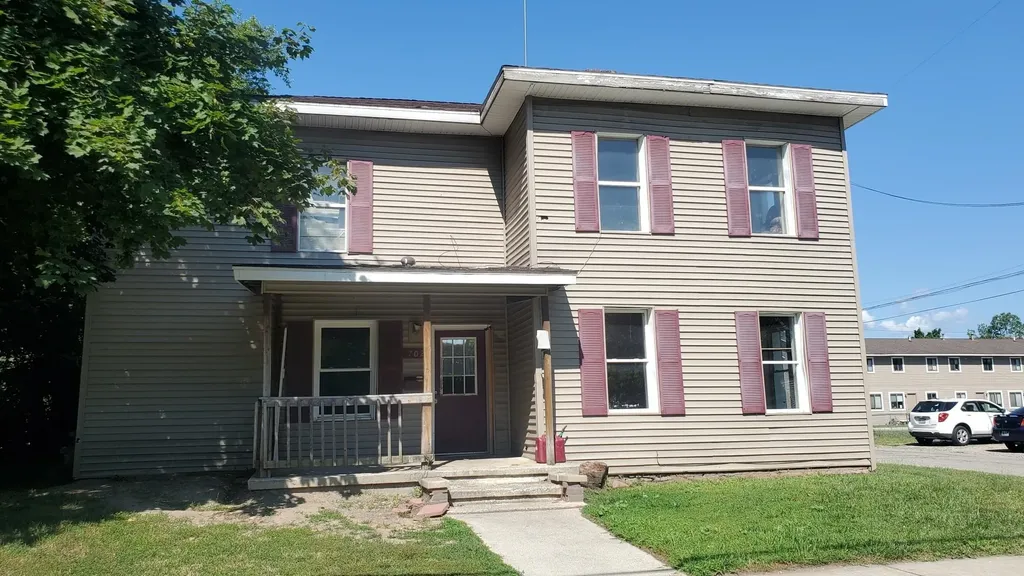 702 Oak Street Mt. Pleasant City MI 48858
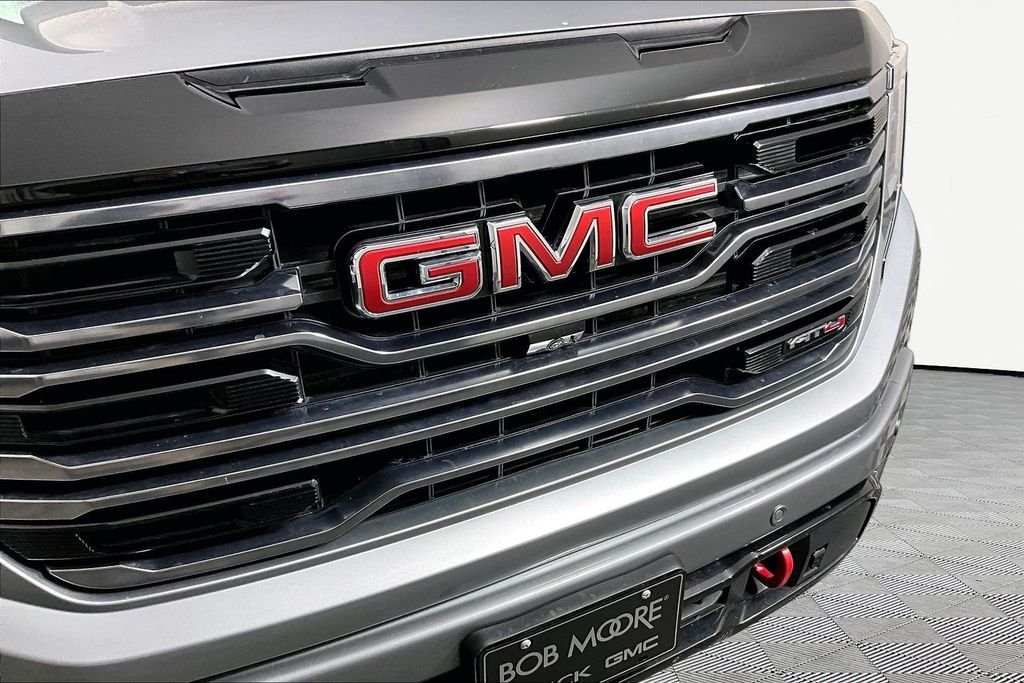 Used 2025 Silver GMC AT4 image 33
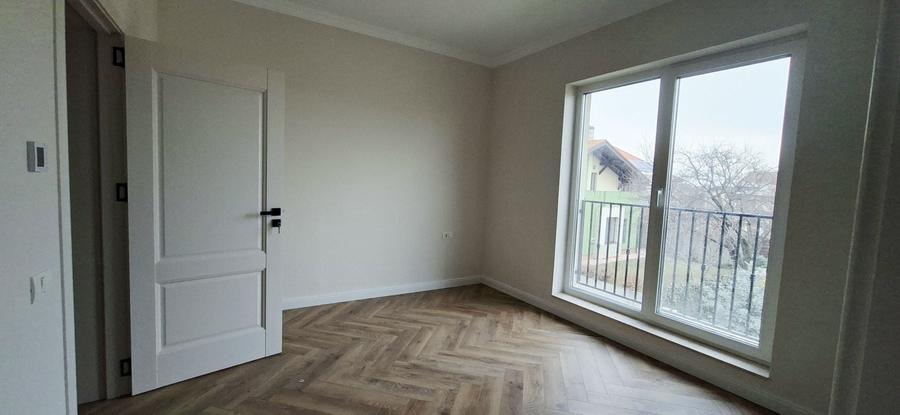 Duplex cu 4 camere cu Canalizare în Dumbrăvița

★ ★ ★ ★ ★ ★ ★

--- Task ---
When you reach an image, pass over it, and retype all other material exactly.

--- Answer ---
 702 Oak Street Mt. Pleasant City MI 48858
 Used 2025 Silver GMC AT4 image 33
 Duplex cu 4 camere cu Canalizare în Dumbrăvița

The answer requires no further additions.